I left a note on the side table of the hotel next to the tip for the maid. “Although the masters make the rules for the wise men and the fools I got nothing, Ma, to live up to.” — I wonder what they thought of that.

 

In the morning we got a ride with a woman who had just left her crack head husband and taken her two (very loud and very active) children — it was ride we appreciated but did not enjoy. We were dropped off about two and a half hours out of Sallisaw. Then we got a ride in the back of a pickup truck, finally! Now we’re true kountry kidz right? The woman who owned this divine automobile had her 4 kids in the car. Her hair was equally divided into two colors, dark purple and cream…it was very unsettling. (Alice is not happy that I am using this picture)

 

 

After this wunderbar ride we were dropped off in Oklahoma City — this is where we met Ezekiel. Thank god for Ezekiel — finally someone that we could communicate with. Before Ezekiel each and every person we had met had been so far out of our head-space — we shared absolutely no common ground with any of them — which is undeniably fascinating and enlightening but now we could just chill and talk about Alejandro Jodorowsky and Teenage Jesus & The Jerks. Funnily enough Ezekiel was the first person since Manhattan to recognize homosexuality in a positive light. Thank you Ezekiel — you proved that middle America isn’t totally full of freaks with fucked up politics and surrealist mannerisms. We were dropped of in El Rino — we had our thumbs out for three and a half hours — I got bored and made some roadside art work. Don’t ask me who Phil is because I don’t know — delusion has taken over — the highway puts your brain in states of aberration.

 

 

Then we got a ride…Being forced to communicate with the dullest man in the world for 6 hours straight is brutal — thankfully Alice did most of the talking. His name was Tony and he really enjoys Christian music and building churches, he also has an interest in introversion and extroversion. Maintaining a conversation with such a man is extremely difficult especially when they speak in short phrases and painfully monotone expressions. We did however make wonderful progress and ended up in Amarillo, which we weren’t too sure we’d make it to.

 

It’s the morning after our one and only Amarillo evening — hazy memories and a rotten headache have taken hold of me.

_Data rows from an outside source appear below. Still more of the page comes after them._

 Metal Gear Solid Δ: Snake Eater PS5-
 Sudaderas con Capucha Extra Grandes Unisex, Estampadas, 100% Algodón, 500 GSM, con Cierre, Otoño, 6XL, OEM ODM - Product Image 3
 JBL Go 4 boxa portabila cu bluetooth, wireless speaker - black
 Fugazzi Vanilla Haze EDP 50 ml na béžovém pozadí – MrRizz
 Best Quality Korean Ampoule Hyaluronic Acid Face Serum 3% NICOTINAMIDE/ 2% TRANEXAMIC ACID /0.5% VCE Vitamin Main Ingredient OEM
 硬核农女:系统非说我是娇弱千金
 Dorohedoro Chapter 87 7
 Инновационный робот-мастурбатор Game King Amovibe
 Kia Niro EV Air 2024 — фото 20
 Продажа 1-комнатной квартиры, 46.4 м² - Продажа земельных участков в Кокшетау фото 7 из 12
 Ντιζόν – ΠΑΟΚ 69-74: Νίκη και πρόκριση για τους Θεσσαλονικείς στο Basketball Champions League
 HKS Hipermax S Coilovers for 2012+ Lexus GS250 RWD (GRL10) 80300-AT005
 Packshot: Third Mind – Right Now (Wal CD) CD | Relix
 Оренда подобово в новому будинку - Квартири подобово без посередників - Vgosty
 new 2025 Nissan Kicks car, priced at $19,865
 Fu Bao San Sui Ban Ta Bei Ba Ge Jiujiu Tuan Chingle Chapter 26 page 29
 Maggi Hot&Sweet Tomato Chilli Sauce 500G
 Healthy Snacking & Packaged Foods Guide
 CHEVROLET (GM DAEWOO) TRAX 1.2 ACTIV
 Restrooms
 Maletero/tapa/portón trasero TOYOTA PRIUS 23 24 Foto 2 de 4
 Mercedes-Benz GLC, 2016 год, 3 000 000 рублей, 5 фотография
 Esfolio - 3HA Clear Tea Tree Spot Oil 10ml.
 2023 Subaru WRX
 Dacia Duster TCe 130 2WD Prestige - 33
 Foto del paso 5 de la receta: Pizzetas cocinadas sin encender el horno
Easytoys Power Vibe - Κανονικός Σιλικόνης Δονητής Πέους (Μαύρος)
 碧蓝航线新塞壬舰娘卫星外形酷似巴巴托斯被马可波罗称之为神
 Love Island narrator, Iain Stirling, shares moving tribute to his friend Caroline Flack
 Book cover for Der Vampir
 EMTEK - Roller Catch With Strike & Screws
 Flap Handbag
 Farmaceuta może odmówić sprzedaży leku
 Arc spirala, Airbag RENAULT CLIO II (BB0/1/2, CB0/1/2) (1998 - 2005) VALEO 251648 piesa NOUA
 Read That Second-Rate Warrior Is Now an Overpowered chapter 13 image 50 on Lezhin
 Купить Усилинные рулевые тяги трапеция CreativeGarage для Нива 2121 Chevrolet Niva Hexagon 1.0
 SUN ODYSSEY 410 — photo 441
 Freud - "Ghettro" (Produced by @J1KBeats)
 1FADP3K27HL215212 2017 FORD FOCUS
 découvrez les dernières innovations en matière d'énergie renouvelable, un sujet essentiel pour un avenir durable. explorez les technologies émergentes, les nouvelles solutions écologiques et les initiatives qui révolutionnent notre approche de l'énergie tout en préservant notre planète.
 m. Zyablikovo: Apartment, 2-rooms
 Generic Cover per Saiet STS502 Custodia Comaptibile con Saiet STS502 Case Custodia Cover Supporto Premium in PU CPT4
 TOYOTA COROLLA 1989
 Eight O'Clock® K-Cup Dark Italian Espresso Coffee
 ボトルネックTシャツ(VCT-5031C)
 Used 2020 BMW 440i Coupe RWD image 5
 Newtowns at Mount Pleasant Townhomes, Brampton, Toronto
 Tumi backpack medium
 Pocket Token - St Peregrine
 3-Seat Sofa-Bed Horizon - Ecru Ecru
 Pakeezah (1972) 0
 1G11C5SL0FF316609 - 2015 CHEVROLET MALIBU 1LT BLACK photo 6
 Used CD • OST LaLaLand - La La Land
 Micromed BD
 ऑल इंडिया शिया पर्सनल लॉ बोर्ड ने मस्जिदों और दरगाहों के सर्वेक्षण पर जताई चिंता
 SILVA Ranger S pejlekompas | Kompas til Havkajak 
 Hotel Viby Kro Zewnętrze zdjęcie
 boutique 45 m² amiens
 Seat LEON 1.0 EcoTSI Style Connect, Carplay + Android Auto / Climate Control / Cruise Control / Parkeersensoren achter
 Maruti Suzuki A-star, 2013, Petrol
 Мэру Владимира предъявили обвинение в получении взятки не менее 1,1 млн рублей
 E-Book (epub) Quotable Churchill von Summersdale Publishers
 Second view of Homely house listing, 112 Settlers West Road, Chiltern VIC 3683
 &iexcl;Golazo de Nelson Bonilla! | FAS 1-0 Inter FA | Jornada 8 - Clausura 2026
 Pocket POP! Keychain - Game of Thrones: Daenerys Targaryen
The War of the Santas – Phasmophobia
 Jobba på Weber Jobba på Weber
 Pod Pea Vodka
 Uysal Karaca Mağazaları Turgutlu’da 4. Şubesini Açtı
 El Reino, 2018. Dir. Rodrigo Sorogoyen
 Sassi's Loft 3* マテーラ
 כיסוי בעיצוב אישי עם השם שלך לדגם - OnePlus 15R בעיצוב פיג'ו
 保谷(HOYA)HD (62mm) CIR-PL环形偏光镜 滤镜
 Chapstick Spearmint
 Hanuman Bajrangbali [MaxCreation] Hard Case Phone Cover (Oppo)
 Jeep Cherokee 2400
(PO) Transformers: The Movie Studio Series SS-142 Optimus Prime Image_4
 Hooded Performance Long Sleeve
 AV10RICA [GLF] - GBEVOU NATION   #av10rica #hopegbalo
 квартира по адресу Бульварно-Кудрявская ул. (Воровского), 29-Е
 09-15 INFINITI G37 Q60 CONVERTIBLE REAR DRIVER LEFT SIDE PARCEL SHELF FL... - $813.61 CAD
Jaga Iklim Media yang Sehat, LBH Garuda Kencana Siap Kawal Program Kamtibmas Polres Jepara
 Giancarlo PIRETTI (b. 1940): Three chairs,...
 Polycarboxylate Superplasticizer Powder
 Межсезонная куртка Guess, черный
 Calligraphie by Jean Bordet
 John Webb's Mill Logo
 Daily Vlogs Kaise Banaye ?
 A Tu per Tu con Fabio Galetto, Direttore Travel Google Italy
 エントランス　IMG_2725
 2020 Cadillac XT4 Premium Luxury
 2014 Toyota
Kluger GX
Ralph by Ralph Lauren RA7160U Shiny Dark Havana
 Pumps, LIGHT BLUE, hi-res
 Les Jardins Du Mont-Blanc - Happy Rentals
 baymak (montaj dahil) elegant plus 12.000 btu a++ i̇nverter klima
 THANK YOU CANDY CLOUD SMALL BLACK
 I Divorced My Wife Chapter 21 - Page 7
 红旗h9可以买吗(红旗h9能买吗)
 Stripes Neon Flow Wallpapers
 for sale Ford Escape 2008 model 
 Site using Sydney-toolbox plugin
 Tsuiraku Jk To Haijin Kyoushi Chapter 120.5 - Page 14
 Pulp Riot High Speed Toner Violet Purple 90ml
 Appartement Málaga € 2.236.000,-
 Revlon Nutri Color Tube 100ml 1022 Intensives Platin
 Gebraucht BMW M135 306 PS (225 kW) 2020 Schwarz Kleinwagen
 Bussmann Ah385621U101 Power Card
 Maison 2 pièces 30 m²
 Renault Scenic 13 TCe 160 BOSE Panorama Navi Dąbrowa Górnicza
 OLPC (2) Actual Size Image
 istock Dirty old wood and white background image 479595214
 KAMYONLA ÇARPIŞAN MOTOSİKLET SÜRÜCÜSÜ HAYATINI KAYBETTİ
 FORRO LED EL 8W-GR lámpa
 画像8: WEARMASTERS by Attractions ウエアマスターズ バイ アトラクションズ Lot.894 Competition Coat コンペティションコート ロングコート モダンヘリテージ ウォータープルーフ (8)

What kind of debauchery did I get up to last night?

 

 

I remember being groped by a gay cowboy (Alice’s favourite kind of man). I remember visiting two bars. I also remember picking up a very large can of Budweiser at a drive thru liquor store — though I don’t remember having a car. I remember being unnecessarily excited about being allowed to smoke indoors at this bar/club. I remember a fuck load of people with a fuck load of energy and one guy who couldn’t have been older than 15 with a fuck load of interest in me, regardless of my floppy armed state of being. I remember that there were no drugs at the place — there couldn’t have been — everyone was way too clean-cut and smiley for any humble drug activity. I remember saying to Alice “I’m so drunk” in a high-pitched flamboyant and slurred groan. I remember saying to Alice “I’m so drunk” again, now that I look back on it I think I may have said it at least 12 times. I remember Alice saying — “I know you’re drunk, you told me already.” I also remember the names of venues — Kicked Back and Sassy’s — I’m just realizing the funny combination of those names.

 

“You really look like you need something to eat” said the urban cowboy in the Amarillo morning along the highway — what a great compliment I thought. Little did he know that I just ate a mighty big waffle breakfast at Denny’s“I’m alright, thanks though.”  The urban cowboy dropped us off at the edge of town so we could get to Albuquerque, New Mexico, which surprisingly we did. We’ve been very successful the past few days — I’m beginning to worry that our luck will run out soon. We couldn’t have done it without the lovely Edward Sharpe fan with the hippy mother or the two college students from Dubai who love Lady Gaga and fast cars.

 

For the first time we made it to our destination relatively early in the evening, which meant more time for drinking and socializing with the locals, I thought. Bars and clubs in Albuquerque close at 12:30…fuck.